Flucht in die Schwarzarbeit? Ein beliebtes Argument gegen den Mindestlohn ist die Befürchtung, dass dadurch die Schwarzarbeit zunimmt. In der Friseurbranche ist sie traditionell sehr weit verbreitet. Über genaue Zahlen lässt sich nur spekulieren. Der Zentralverband schätzt jedoch, dass Friseure jährlich zwei Milliarden Euro schwarz umsetzen. Das wäre dann rund ein Drittel vom Gesamtumsatz in der Branche.

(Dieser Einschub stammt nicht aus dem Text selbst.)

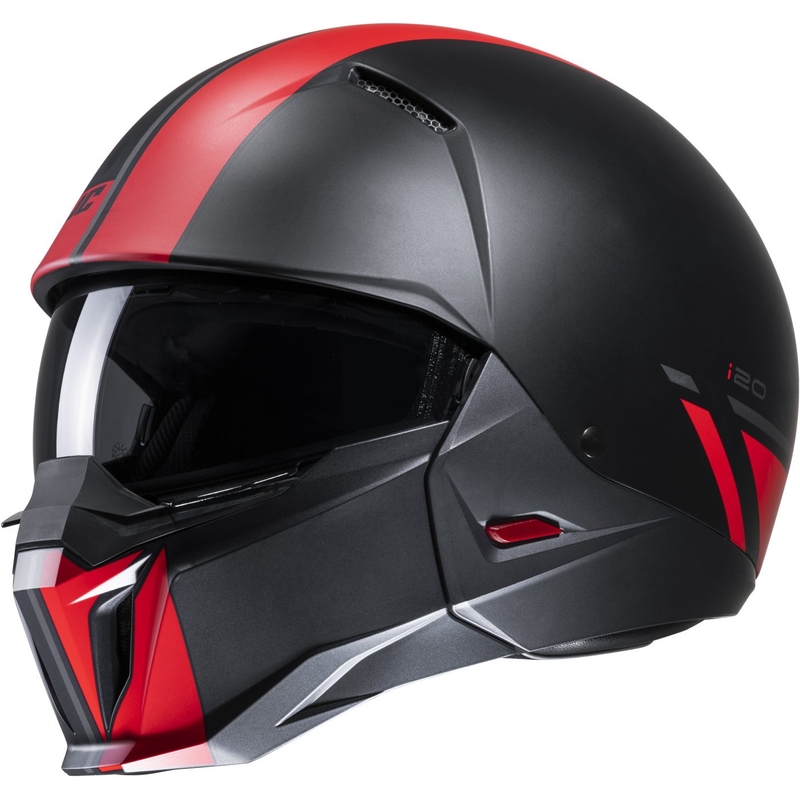 Casco abierto con máscara HJC i20 Batol MC1SF rojo-negro liquidación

Sybille Hain, Vorsitzende der Landesinnung Thüringen/Sachsen-Anhalt, befürchtet einen deutlichen Anstieg. "Viele Friseure arbeiten jetzt offiziell als 450 Euro-Kraft, den Rest gibt es bar auf die Hand", sagt sie. In den zusätzlichen Stunden könnten Salonbesitzer ihre Mitarbeiter um den Mindestlohn prellen - und den Staat um Sozialabgaben. Zudem bemängelt Hain, dass kaum überprüft werde, wer den Mindestlohn tatsächlich zahlt. "Hier gibt es immer noch Salons, da schneiden die jungen Friseurinnen für vier Euro pro Stunde."

Arbeitsministerin Andrea Nahles will eine Hotline einrichten, bei der solche Verstöße dann in Zukunft gemeldet werden können. Doch gleichzeitig brauchen die Zollämter mehr Mitarbeiter, um zu kontrollieren, wer sich an die Regelungen hält. Die Deutsche Zoll- und Finanzgewerkschaft (BDZ) fordert 2000 bis 2500 zusätzliche Stellen, um diese Arbeit zu bewältigen.